Question

Describe the balance of forces that hold together the nuclei of atoms. What happens when these forces get out of balance?

**Not sure how to explain this! Thank you:)

Answer 1

the force which is acting among protons and neutrons, is the so called strong nuclear force. Such force can be explained, introducing a particle mediator of that nuclear force. Such mediator particle, is the pi meson (pion) , whose mass is about 140 MeV.
In other words, as electromagnetic force is due to the mediator which is the photon, in the same way the nuclear force is due to an exchange, among the nucleons, of a pion, or meson pi, in fact the nuclear force is described inside a theory which is calle OPEP
namely
One Pion Exchange Potential

Answer 2

ohhh okay! and so when they get out of balance, what happens? :/

Answer 3

when a nucleon, for example a proton, is out of the range of the nuclear force, then on it will act the electrostatic force, so it will repelled by other protons.
When a neutron is out of the range of a nuclear force, then that nucleus will become instable

Answer 4

the nuclear force, acting among nucleons, is very attractive, nevertheless its range it is very short, that range is about 10^-14 cm

Answer 5

ohhh okay! thank you!! :D

Answer 6

and so this problem is complete? :O

Answer 7

yes! I think so! If you want I can give you a simple computation, of the range of the strong nuclear force

Answer 8

ok!

Answer 9

keep in mind that the mediator particle, namely the pion or pi meson , was introduced by the famous physicist Hideki Yukawa (Japan) in the past 1934

Answer 10

Now, we can consider the pion a so called "virtual particle". It is virtual not, because it doesn't exist, it is called virtual because its existence violates the Heisenberg's Uncertainty Principle

Answer 11

Oh!
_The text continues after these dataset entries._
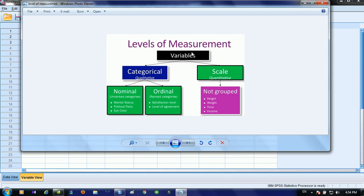First of all, let's define what is level of measurement or scale of measurement. It describes the nature of information within the values assigned to variables. Variables can be scale or categorical. Scale refers to ungrouped data used for quantitative data, whereas categoricals are used for qualitative data, which is grouped data.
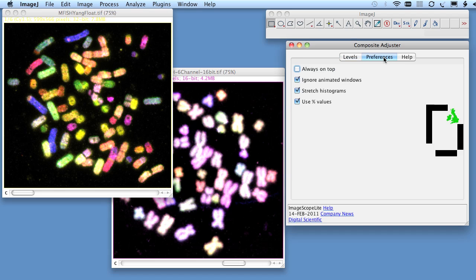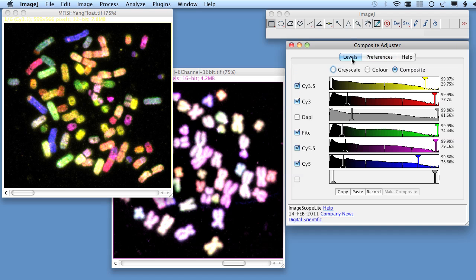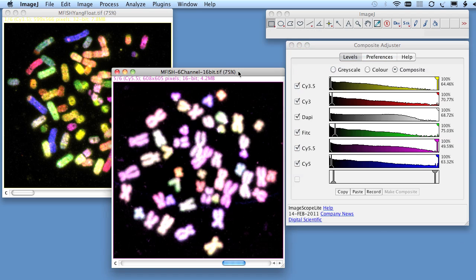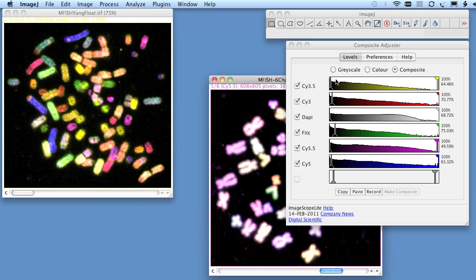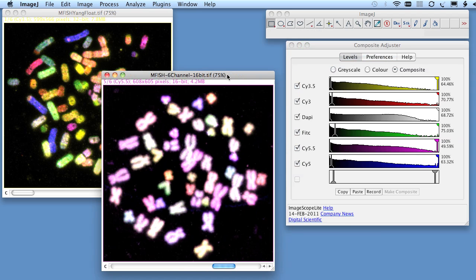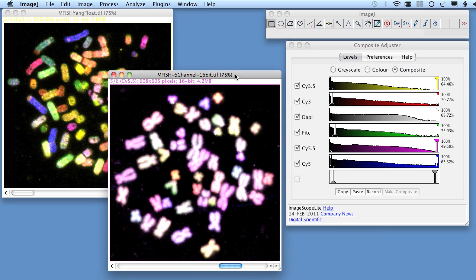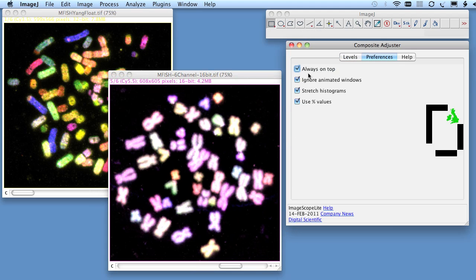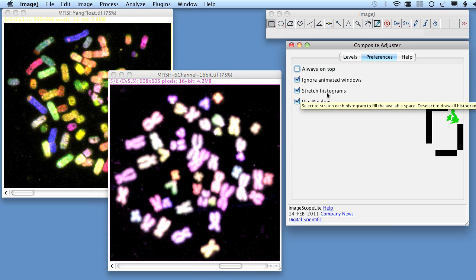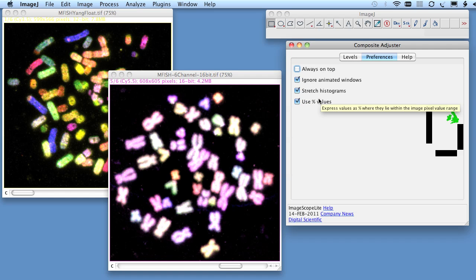Under the Preferences tab, Always on top allows the Composite Adjuster palette to float above all other windows. Stretch Histograms and Use Percent Values determines how histograms behave and how they are drawn.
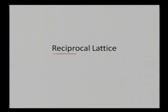In this lecture, we will learn about reciprocal lattice. As we see, it is a reciprocal of the lattice. We will learn about how it evolves and why it is essential in this particular lecture.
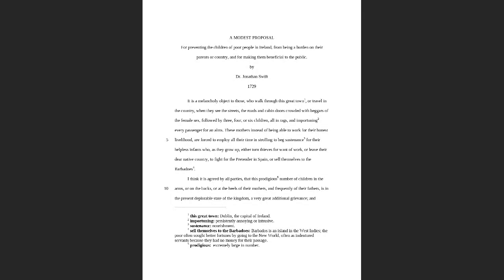All right everybody, as promised we're going to go over A Modest Proposal. I will include in the link that I send out a short filmic rendition which I think is sort of amusing and also very disturbing at the same time. When you were all reading this, you probably wondered why does this guy have a job? He's asked me to read this proposal which is suggesting that we eat babies.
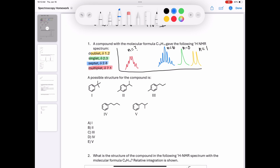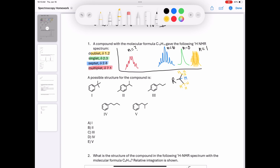Next I'll try to figure out what the rest of these signals could represent. The septet needs to be a proton environment with six neighbors — I'm guessing it's the blue proton, because the adjacent carbons are two methyl groups each with three protons, making six neighbors total. The yellow doublet indicates a proton environment with only one neighbor, so this isopropyl group seems pretty likely given the combination of a doublet and a septet.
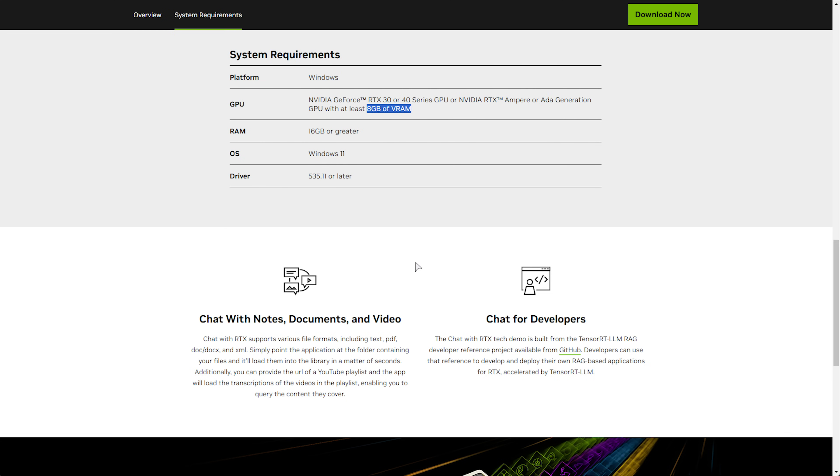For most people with newer graphics cards for gaming and stuff like that, you'll probably be able to fill this requirement if you've bought one of these graphics cards. I luckily have, so I'll be able to use this.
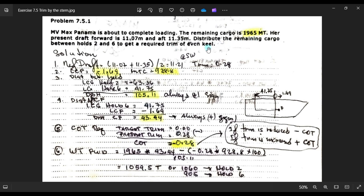We have to distribute this remaining cargo to holds number two and six to get a required trim of even keel, meaning zero trim. With the forward and aft draft we get the mean draft of 11.21m and a trim of 0.28m. With this mean draft of 11.21m we get a LCF of negative 1.69m and MTC is 928.8.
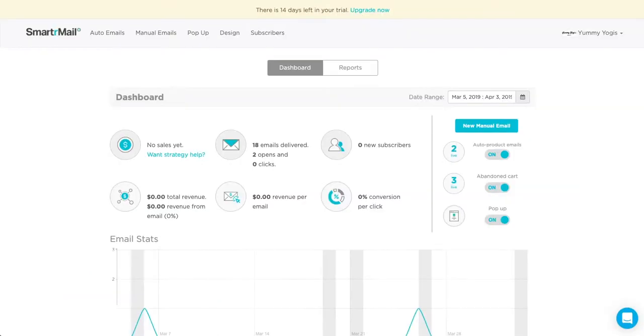Before you send your first email, you'll want to have already set up your email template and added subscribers to your list. If you haven't got your template and subscribers ready yet, we have other videos to show you how to set them up. Go and give them a watch and then come back to this video.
Okay:)

Answer 12

so, we can write this equation:
\[\Large \Delta E\Delta t \leqslant \hbar \]
it is the violation of the Heisenberg's Uncertainty Principle, as you can see

Answer 13

Now, we can replace \Delat E, with the mass of the pion, namely:
\[\Large \Delta E = {M_\pi }{c^2} = 140MeV\]

Answer 14

oohhh okay!

Answer 15

then we can solve that equation for \Delta t, being \Delta t the existence time of the pion, so we get:
\[\Large \Delta t \simeq \frac{\hbar }{{140}}\]

Answer 16

Now, since the velocity of the pion is close to the light speed, then we can find the spoace traveled by our pion, using this formula:
\[\Large d = c\Delta t = \frac{{\hbar c}}{{140}} = \frac{{197}}{{140}} = 1.4fm\]
being \[\Large \hbar c = 197MeV \cdot fm\]
and
\[\Large 1fm = {10^{ - 13}}cm\]
fm=fermi

Answer 17

ohh okay!! :O

Answer 18

thank you!!

Answer 19

thank you!!